Les personnages prennent parfois un aspect surhumain sous la plume de Zafón: ils se révèlent démesurément brillants, inatteignables. Néanmoins, le lecteur s’attache à eux sans peine. Or, Zafón prend plaisir à changer brusquement l’aspect du visage de certains au détour de l’intrigue. Le lecteur ressent alors la brûlure des sentiments, caractéristique chez celui qui aime, puis se voit trahi, découvrant la vraie nature de l’autre, sa cruauté.
Le véritable personnage principal dans Le labyrinthe des esprits s’incarne dans la ville de Barcelone elle-même. Les descriptions qu’en fait Zafón ont la prégnance de photographies – en noir et blanc, il va sans dire -, ralliant ceux qui n’ont pas connu la chance de sillonner les méandres de Barcelone, et ravissant ces derniers. Les descriptions culminent toutefois dans celles des modulations de lumière que l’écrivain transcrit avec un soin magnanime, comme s’il se fût agi d’un liquide ruisselant dans les tranchées du récit ou encore jaillissant sur le visage de ses nombreux acteurs. Au-delà des images qui se dessinent dans l’esprit du lecteur, Zafón dépeint les odeurs avec une remarquable puissance d’évocation – c’est à peine si l’on n’éprouve pas un haut-le-cœur lorsque le tandem Gris-Vargas débusque certains indices macabres.

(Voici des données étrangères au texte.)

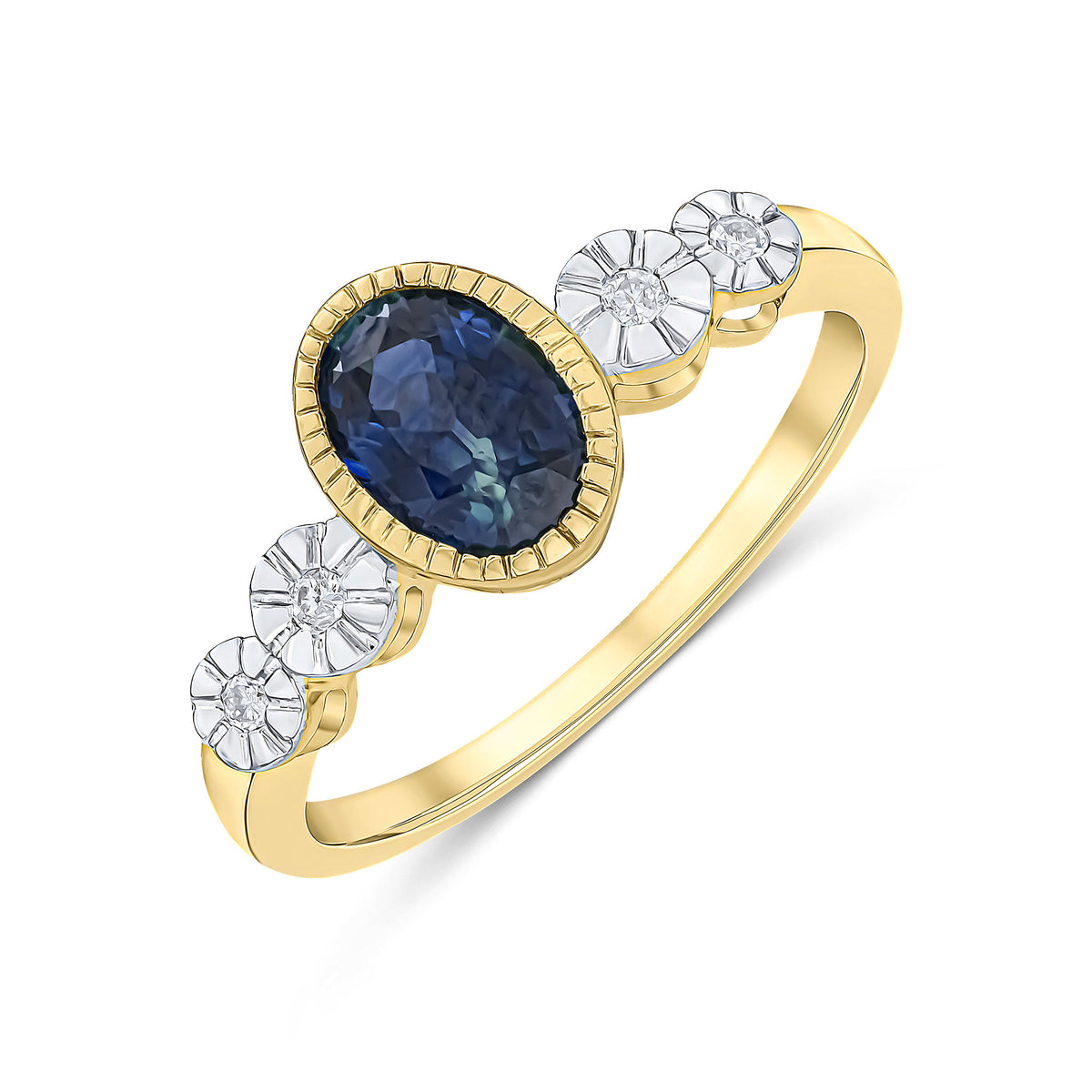 9CT YELLOW GOLD MILLEGRAIN OVAL SAPPHIRE AND ILLUSION DIAMOND 4ST SHOULDERS RING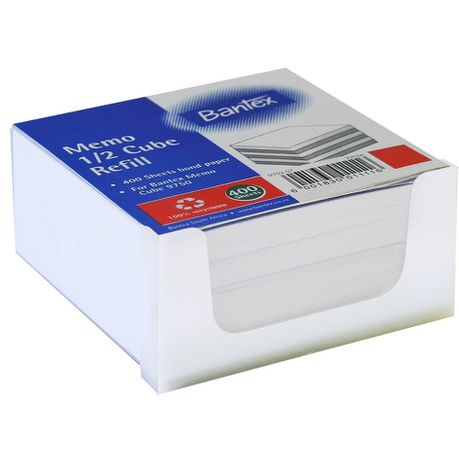 Bantex Memo Half Cube Refill 400s - White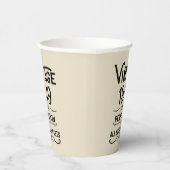 パーソナライズされたヴィンテージ75歳の誕生日ギフトブラック 紙コップ (右)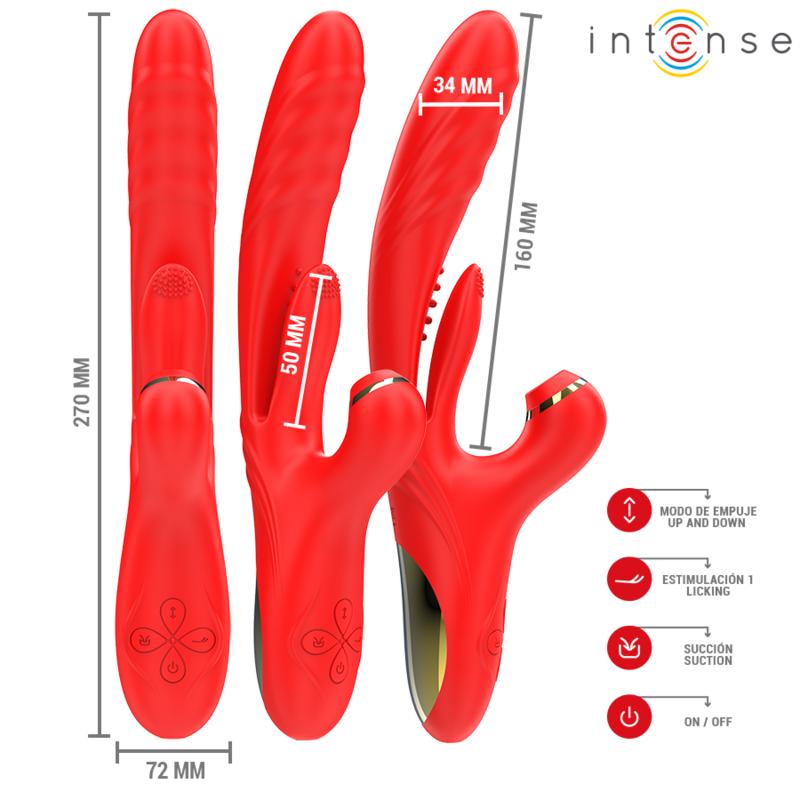INTENSE - KAROL MULTIFUNKTIONSVIBRATOR STOSS & STIMULATION & STIMULIERENDE WELLEN ROT hochwertiges Sextoy bei Secret Pulse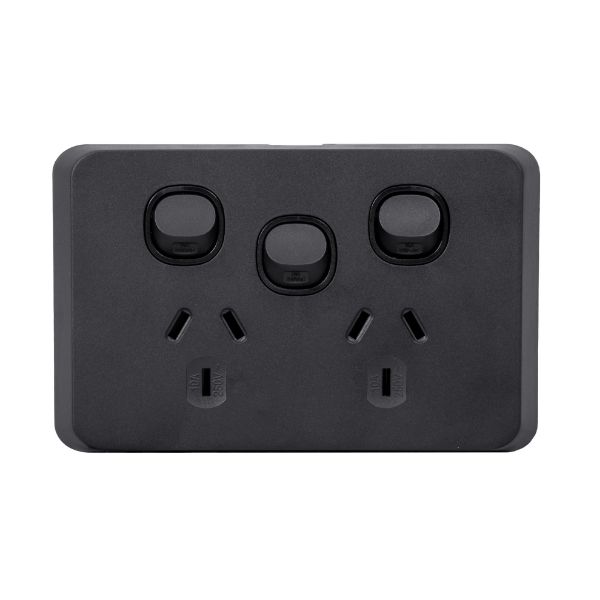 Picture of Sleek Double 10A Power Point with Extra 16A Switch. Removable Cover. Matt Black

Ce que humera le lecteur, c’est, en outre, un fumet de désillusion. Au sortir d’une guerre qui a heurté l’espoir que nourrissait la population envers une scène politique saine, les personnages baignent dans une atmosphère sinistre – celle des années de plomb. Leur horizon semble bouché. Quelques gerbes d’espoir percent toutefois la toile moribonde qui s’est déroulée sur Barcelone après la guerre. Cet espoir, il s’incarne dans les liens qui unissent entre eux les membres d’une famille, de même que dans le geste d’écrire lui-même.
Enfin, davantage qu’une enquête passionnante, c’est à une réflexion sur les livres et sur l’univers qui s’y rattache, à une sorte de méta-littérature, que convie Zafón. C’est avec grand regret qu’on quitte cet univers dont les ramifications et l’architecture sont aussi tortueuses que celles de la ville de Barcelone elle-même.
«Le labyrinthe des esprits» de Carlos Ruiz Zafón, Éditions Actes Sud, 848 pages, 44,95 $.